Avoid cheesecake at all costs this week, except on Monday where a small slice of cheesecake will be tolerable (but not if it contains unripened fruit). Don't take no for an answer, especially when rancid dairy products are involved. Try applying for a passport using a false identity. It might not work, you might be arrested, but it might be fun trying.


The Slug July 26th

A friend will come to you seek your advice on a sensitive subject this week. They will also come to deeply regret asking you about anything because your advice sucks. Just give up making any sort of plans this week. They will all fail so best stay in bed. Why do you try so hard, when everything you do fails?


The Oyster July 27th - August 19th

You have been thinking recently, 'is this the best I can do?'. The answer, sadly, is 'yes'. Think about what you want, and what you need. Are they the same things? This week, if you meet a Squid that looks at all like Alexander Graham Bell then you might be in for some fun times.

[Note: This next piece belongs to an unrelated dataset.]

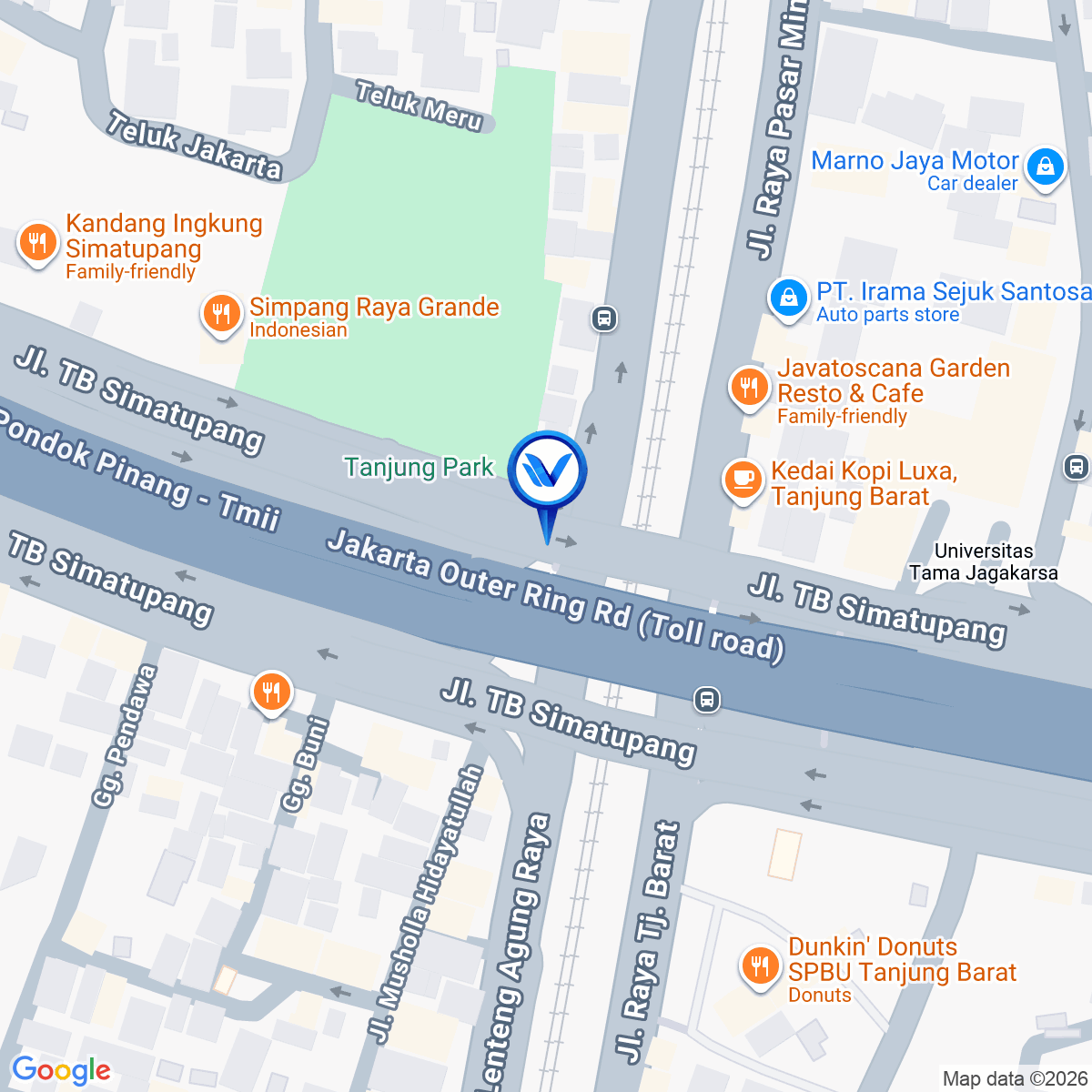 Peta Lokasi Jl. Simatupang (Depan Kampus Tama Jagakarsa), Jakarta Selatan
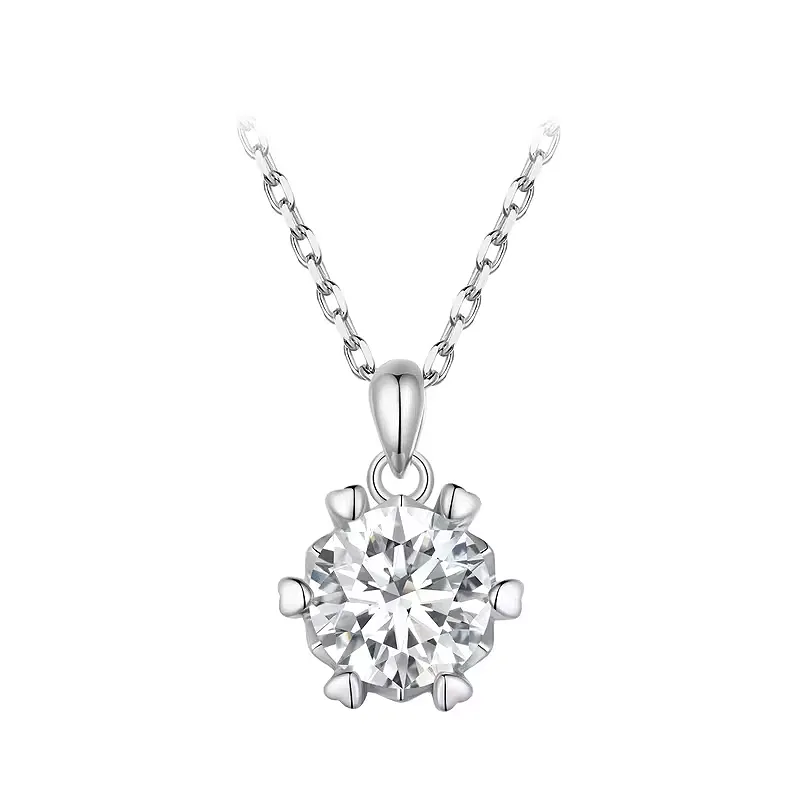 Elegance Six-Claws Moissanite Silver Necklace - Necklaces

If however, you meet a Squid that resembles Tiger Woods, then you will almost certainly become violently ill before the end of the week.


The Scallop August 20th - October 1st

Numbers will prove problematic for you this week. It could be a birthday or other important date, or it could be the lottery. Step wisely when choosing any number. A famous sailor once said "You can kiss a mermaid, but you might still die of scurvy"...these words will have special significance for you this week. You will come to the defense of a Barnacle this week when a common friend insults them for "not being a true Mollusk".


The Octopus October 1st - October 29th

The numbers 6 or 9 (or possibly 28) hold the key to happiness this week. This is a great week for trying something completely new such as listening to jazz, ballroom dancing, or invading a neighboring country. When you and a Limpet get together on Tuesday, sparks will literally fly. That's what you get when a chance encounter with a welder goes horribly wrong.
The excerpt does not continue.